The address-event link is implemented with asynchronous logic because, like real axons, communication is event-driven, not clock-driven. Event timing is implicitly preserved as long as the link operates near real-time (i.e., all events reach their destination within the timing precision of an axon, which is typically around 1ms). A synchronous implementation is also possible, except that a global clock can couple correlated noise into sensitive analog circuits and artificially synchronize spikes. For these reasons, synchronous communication is avoided in neuromorphic systems.
In this paper, we describe how multiple transceiver chips can be connected together via address-event links. Our system is designed around the following insight: If the connectivity between chips is dense, broadcasting an event is more efficient than targeting it (where copies are routed to specific destinations). For example, in a 1-D n-chip network, routing copies of an event to more than two locations generates more traffic than broadcasting it everywhere, as each copy travels a distance n/2 on average, while a broadcast travels a distance n. 1 However, a dedicated bus, which has been used in the past to create multi-chip neuromorphic systems [9] , [10] , is a poor choice for implementing a broadcast because adding chips decreases the communication capacity of the system (due to the increasing length of the bus).

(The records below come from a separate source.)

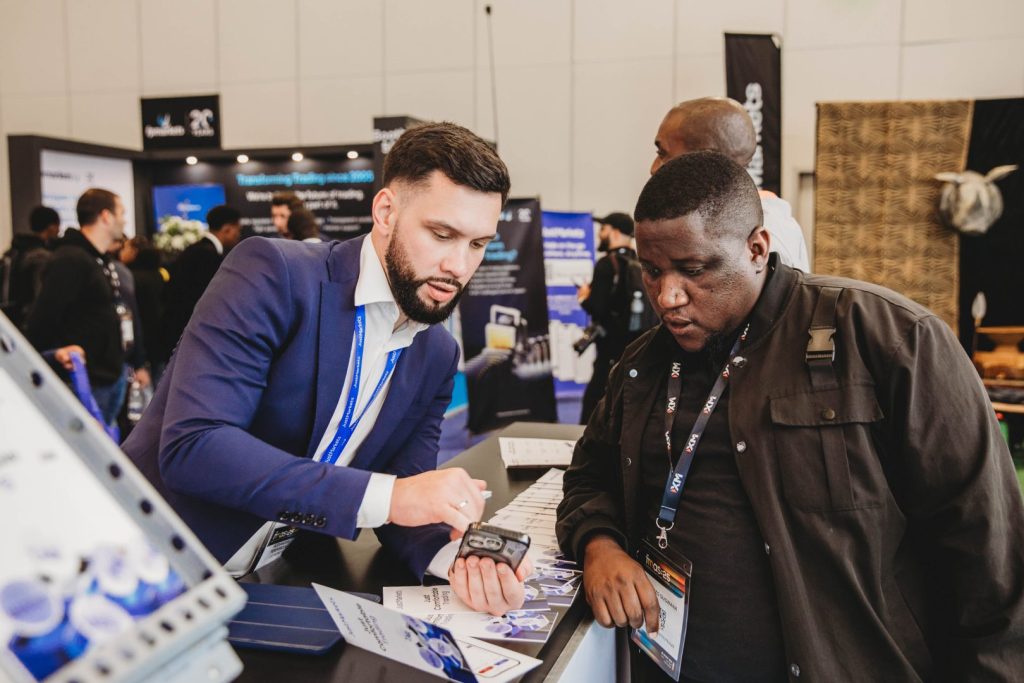 Engaging Just Markets team interacting with clients and investors at CTICC in Cape Town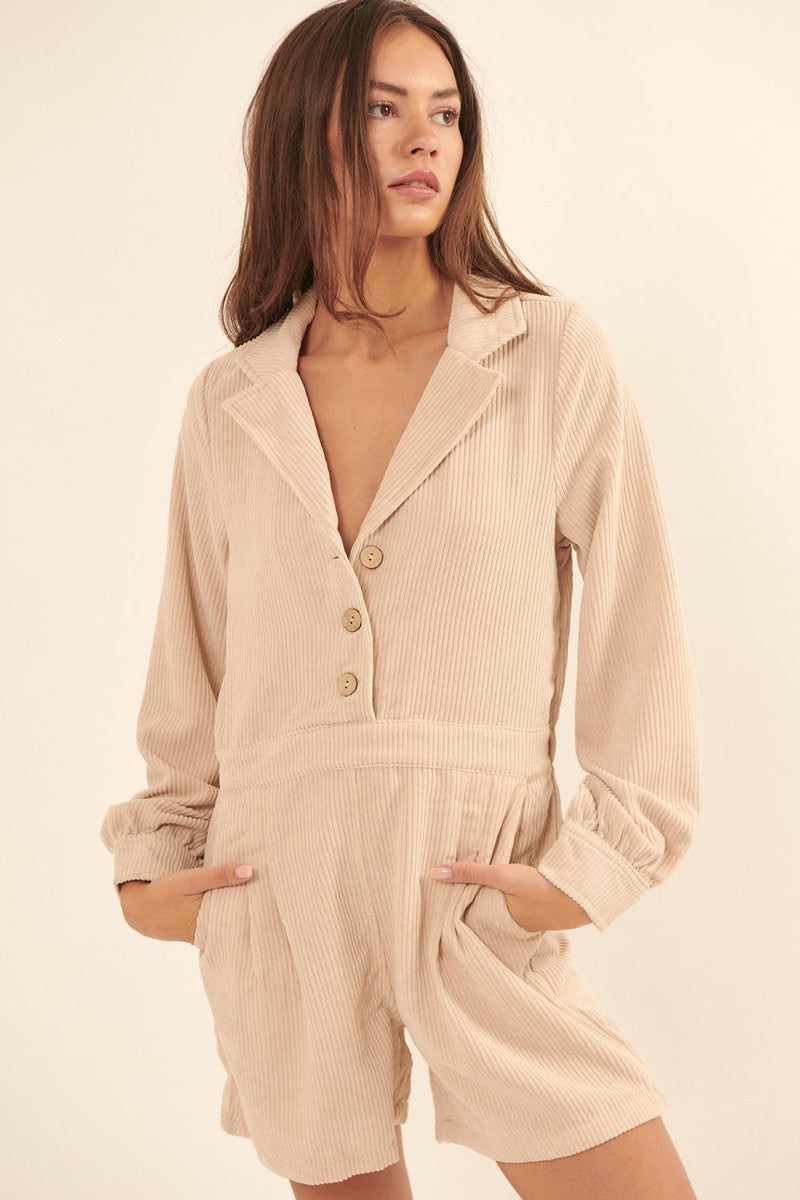 Cream woven corduroy romper with lapel collar, half button front, elastic waist, and side pockets, featuring a relaxed fit and wide legs.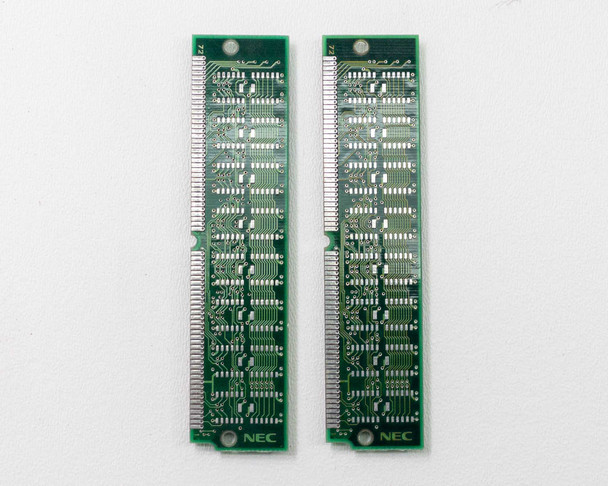 Compaq 185174-002 NEC EDO SIMM pair — reverse side (solder side) of both modules showing NEC branding printed on PCB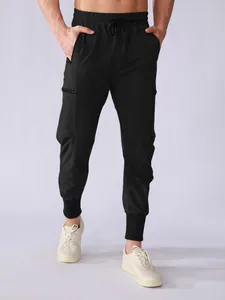 Men's black quick-dry cargo joggers with multi-pockets and a drawstring waist for training.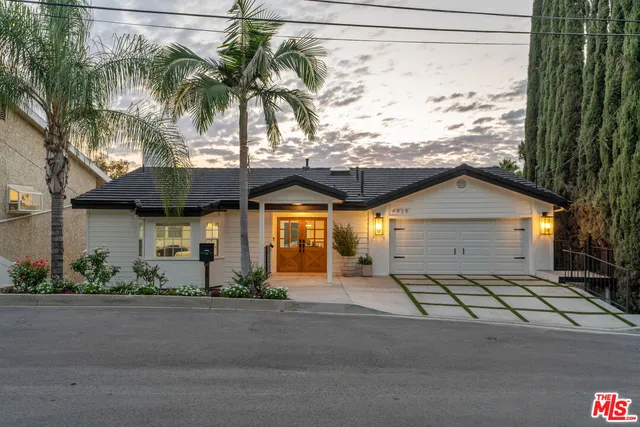 a view of a swimming pool with a patio and plants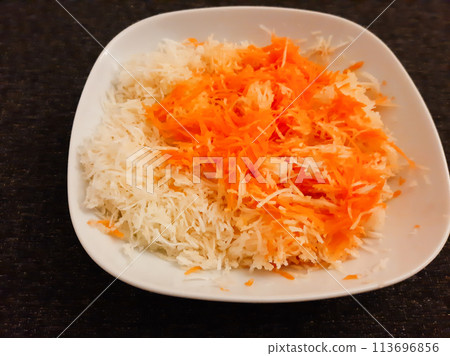 Winter salad of carrots and celery served on a white plate Winter salad of carrots and celery served on a white plate 113696856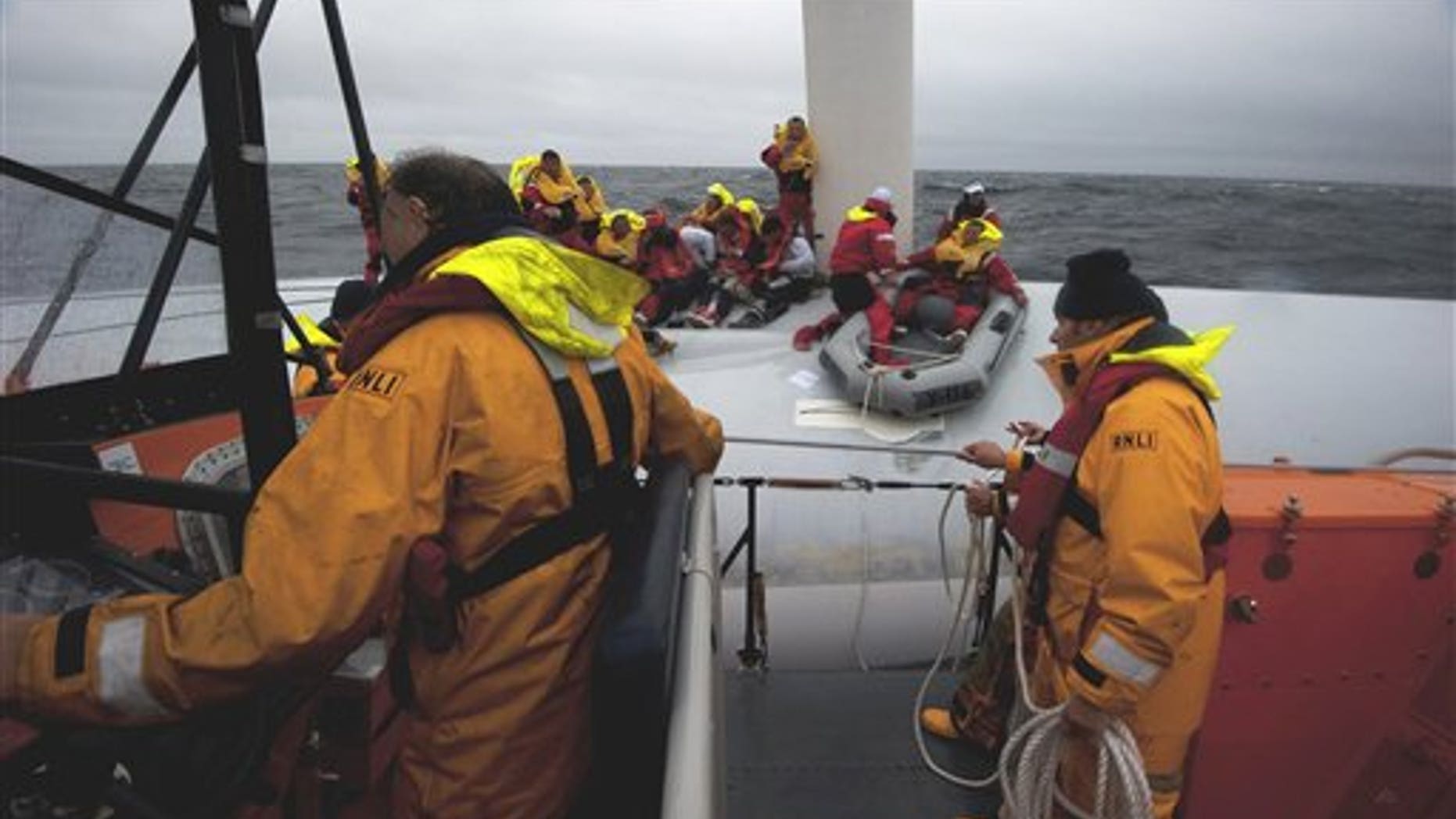 Aug. 15: This image made available by the Royal National Lifeboat Institute shows the Baltimore, Ireland, RNLI lifeboat crew taking part in a major rescue operation Monday evening, as a member of the yacht's crew is placed in a dingy on the yacht's upturned hull for transfer to the lifeboat. British sea rescue workers say that 21 people were rescued after their U.S.-registered racing yacht capsized off the Irish coast.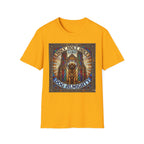 Holy Holy Holy St Bernard T-Shirt flat lay on gold, featuring a stained-glass-style illustration of a St Bernard seated before cathedral arches with the text 'Holy Holy Holy Lord Dog Almighty'.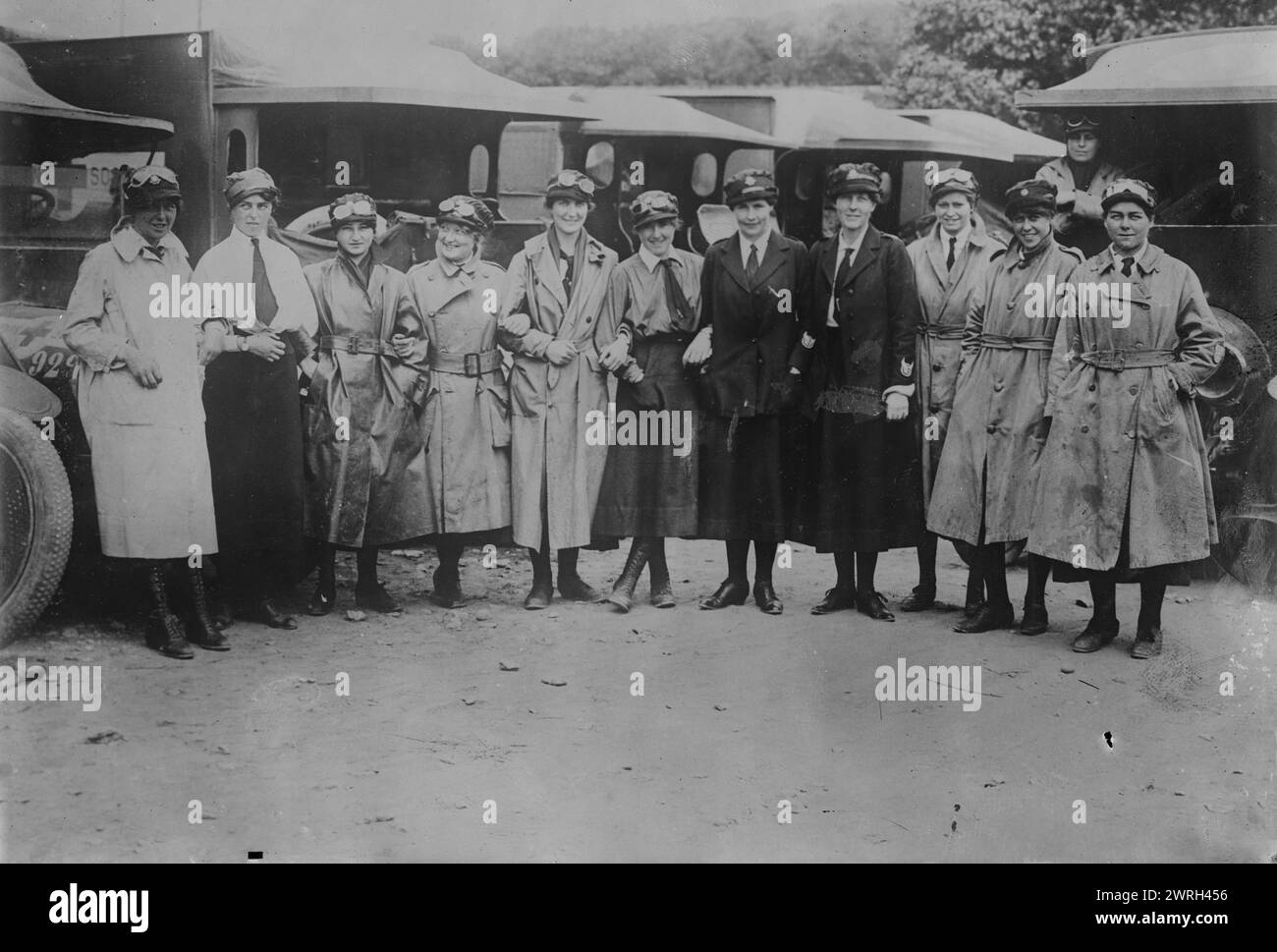 British Voluntary Aid ambulance drivers at front, 27 Jun 1917. Group of British Red Cross Society Voluntary Aid Detachment (VAD) and First Aid Nursing Yeomanry Women's Transport Service (F.A.N.Y.) female motor ambulance drivers at Etaples, France on June 27, 1917 during World War I. Stock Photo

We present an implementation of a grid network that broadcasts events to corresponding locations on all the chips (pointwise axonal projections) (Fig. 1) . 2 The grid (or mesh) architecture, which was first used in the context of neuromorphic systems by [11] , implements a broadcast by relaying events between nearest neighbor chips; it offers an expandable solution without sacrificing latency. In addition to pointwise all-to-all connectivity (oblivious delivery), our implementation supports targeted and excluded delivery, and can easily be extended to support arbitrary connectivity with the inclusion of a look-up table (described in Section VII). Communication in our system uses a novel address-event packet protocol that is able to keep track of an event's source without increasing the width of the link. This paper is segmented into seven sections. In Section II, we compare the bus with the grid. After convincing the reader that grids are expandable and deliver their events on time, we then introduce a communication controller in Section III, called a , for implementing a grid. Section IV describes the signaling protocols that we use to build a ; we present the implementation in Section V. Section VI presents results from two chips that use the circuits developed in this paper. Finally, Section VII concludes the paper with suggestions for future work.
II. MULTI-CHIP NETWORKS
Consider a network that broadcasts events to n chips. The network in Fig. 2 (a) uses a bus for inter-chip communication, and the time spent signaling (per event) is: T bus = 8(d pitch /v pcb )(n − 1), where d pitch is the distance between chips, v pcb is the propagation velocity, and n is the number of chips in the system. A factor of 8 is included because each communication has a request-acknowledge handshake, which is 4 transitions, and each transition must make a round-trip before reaching steady-state in a source-terminated link. A typical time is: T bus = 3.2(n − 1), (in nanoseconds) assuming 2 inches for d pitch , which corresponds to 400 picoseconds in a typical PCB [12] . The obvious drawback to using a bus is that capacity decreases as n increases. More fundamentally, the capacity of the bus is limited by the time it takes a signal to propagate across its length (set by the speed of light in a PCB). Therefore, bus architectures are not an expandable solution because more chips translate to longer buses.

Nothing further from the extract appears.